**WHAT YOU HAVE TO DO**
Output each line exactly as written, from the first line of the records to the line bearing "Luxury Villa Photo #41", inclusive, while leaving every picture out.

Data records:
************

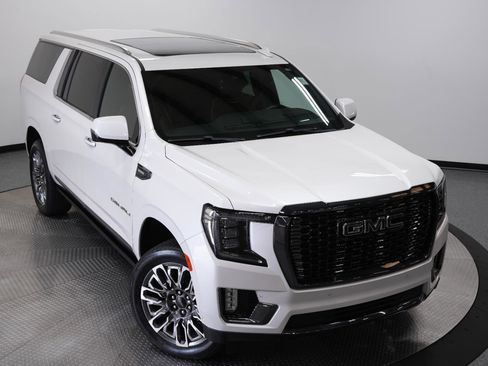 Used 2024 GMC Yukon XL Denali Ultimate AWD/4WD image 54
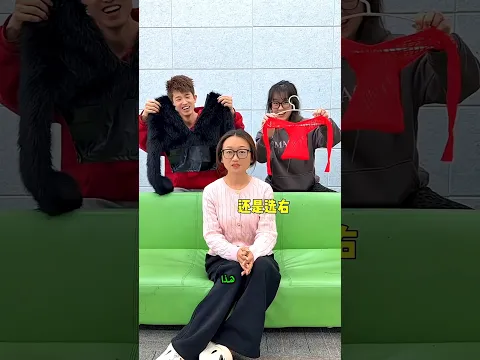 👗 أي فستان ستختارين؟ اليمين أم اليسار؟ 🤔#shorts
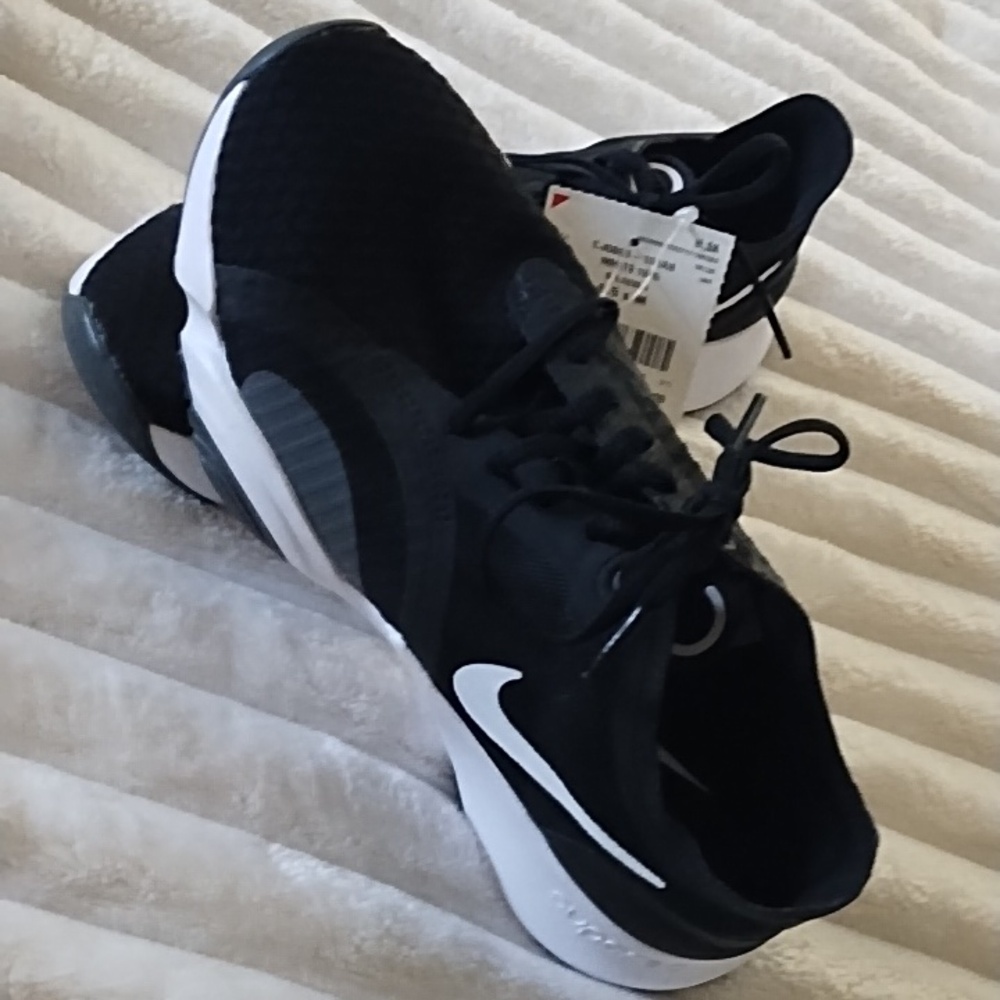 Nike Women's Black and White Athletic Running Shoes - Picture 2 of 5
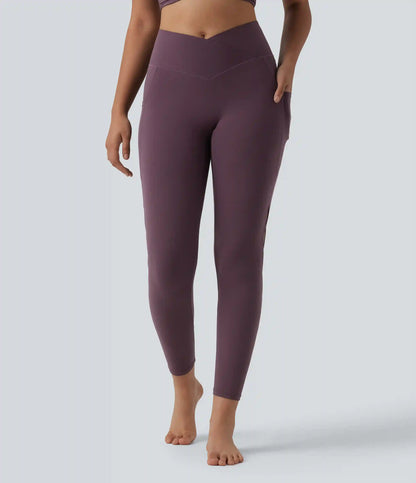 SoftlyZero™ Crossover High Waisted Cut-out Yoga 7/8 Leggings with Pockets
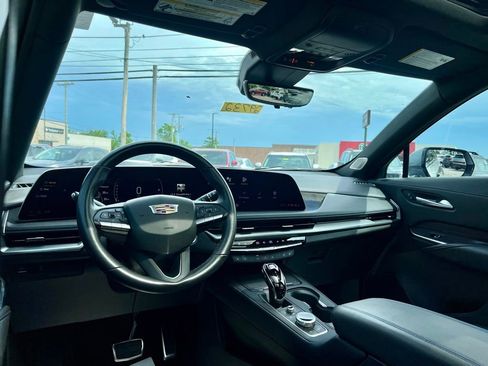 Used 2024 Cadillac XT4 Sport FWD image 19
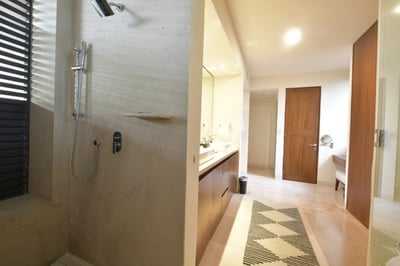 Luxury Villa Photo #41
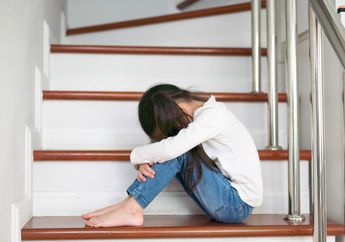 #LovingNotLabelling: Berhenti Katakan "Gendut" atau "Kurus" Pada Si Kecil, Berisiko Membuatnya Depresi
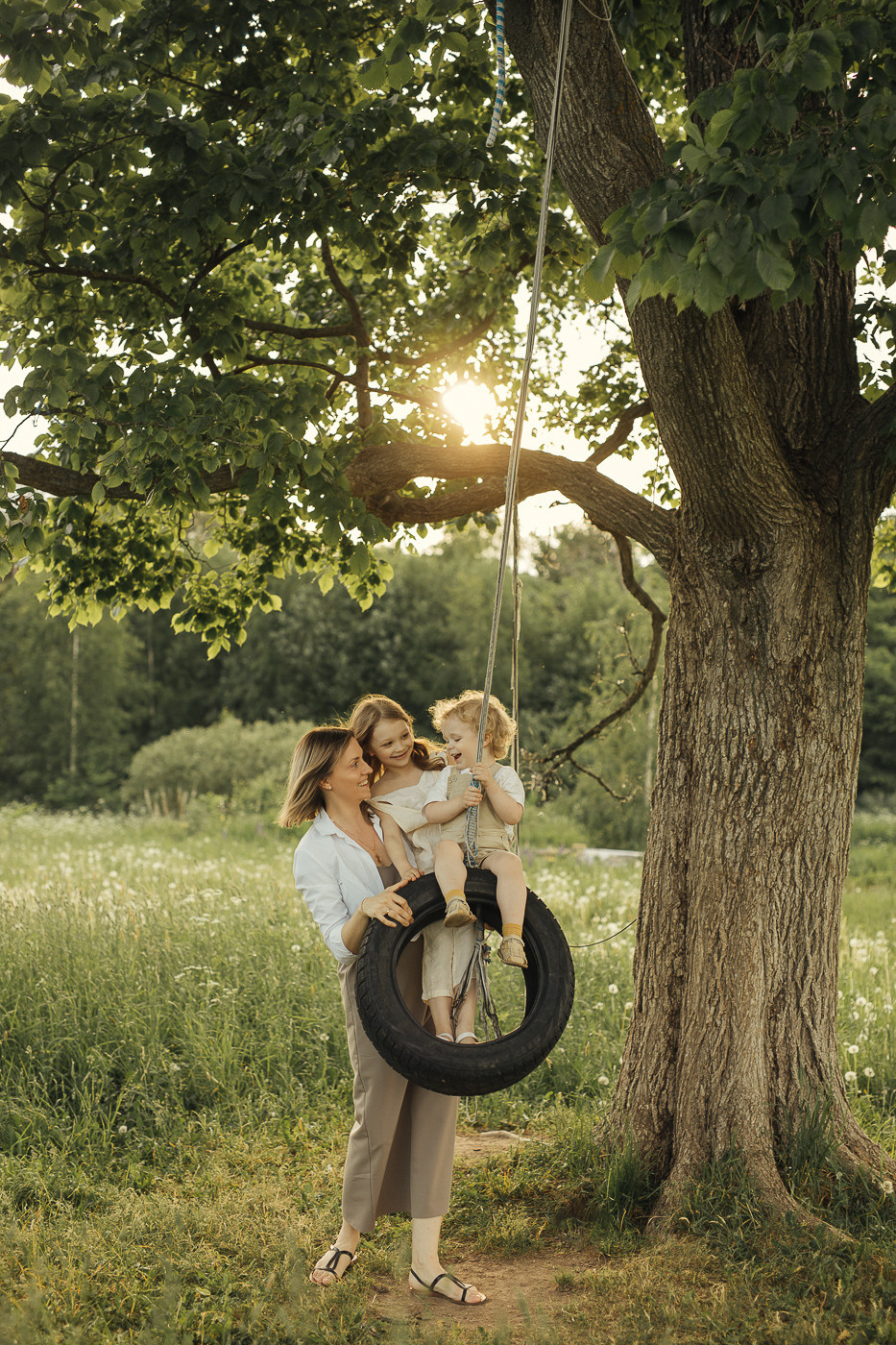 Таня, Мира, Матвей. Главная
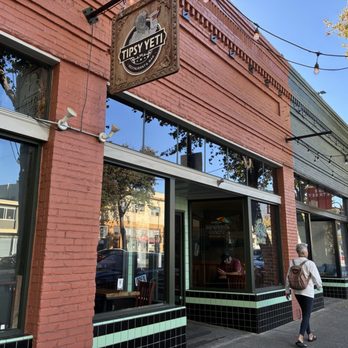 Tipsy Yeti Restaurant & Bar - Front - Sports Bars Near Me - Berkeley, California Tipsy Yeti Restaurant & Bar - Front - Sports Bars Near Me - Berkeley, California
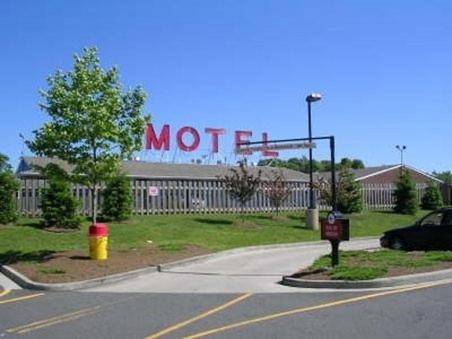 Mayflower Motel Milford in Milford, CT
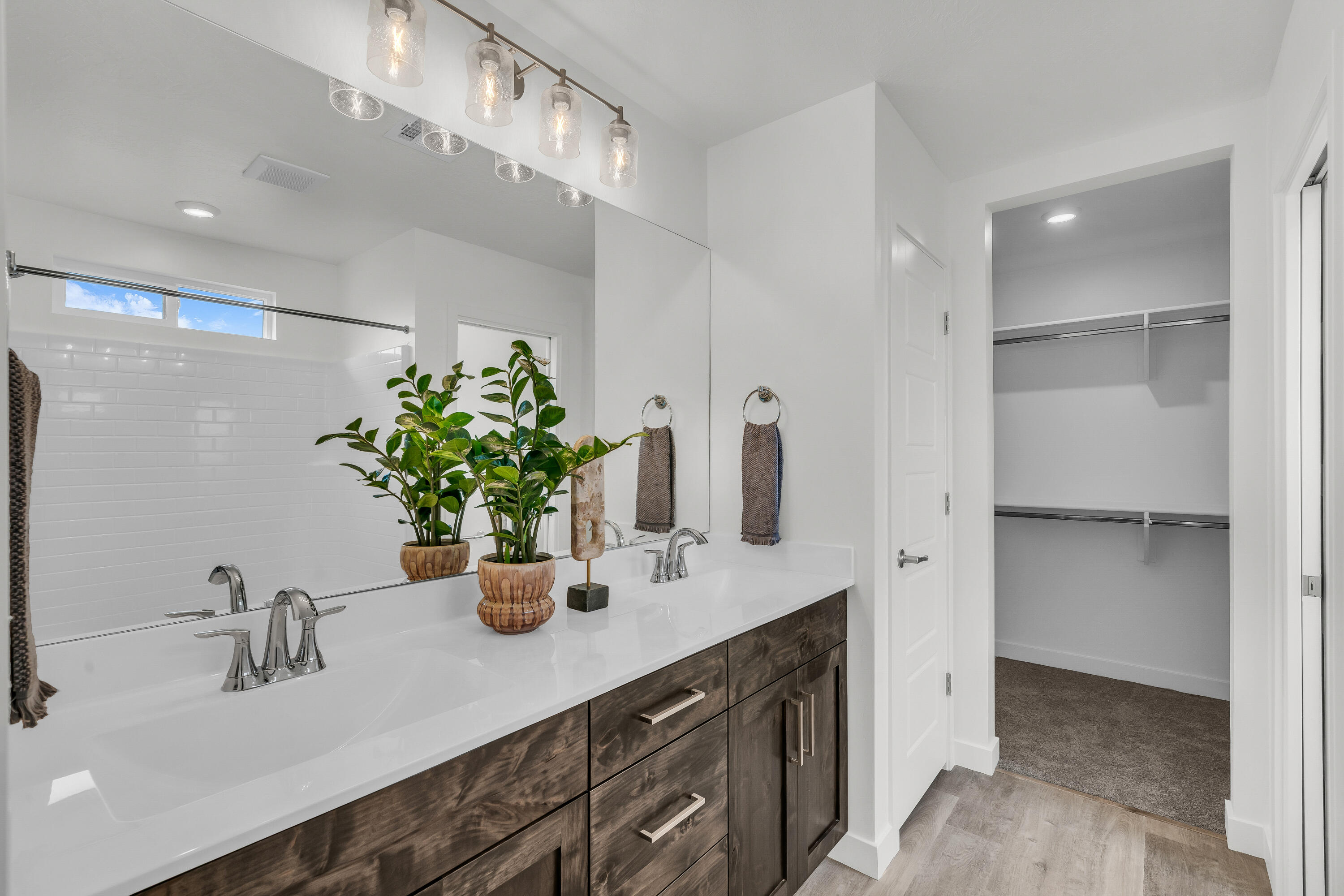 RED TRAILS SUNRISE VALLEY - Residential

************

**SOLUTION TO THIS EXERCISE**
 Used 2024 GMC Yukon XL Denali Ultimate AWD/4WD image 54
 👗 أي فستان ستختارين؟ اليمين أم اليسار؟ 🤔#shorts
 Nike Women's Black and White Athletic Running Shoes - Picture 2 of 5
 SoftlyZero™ Crossover High Waisted Cut-out Yoga 7/8 Leggings with Pockets
 Used 2024 Cadillac XT4 Sport FWD image 19
 Luxury Villa Photo #41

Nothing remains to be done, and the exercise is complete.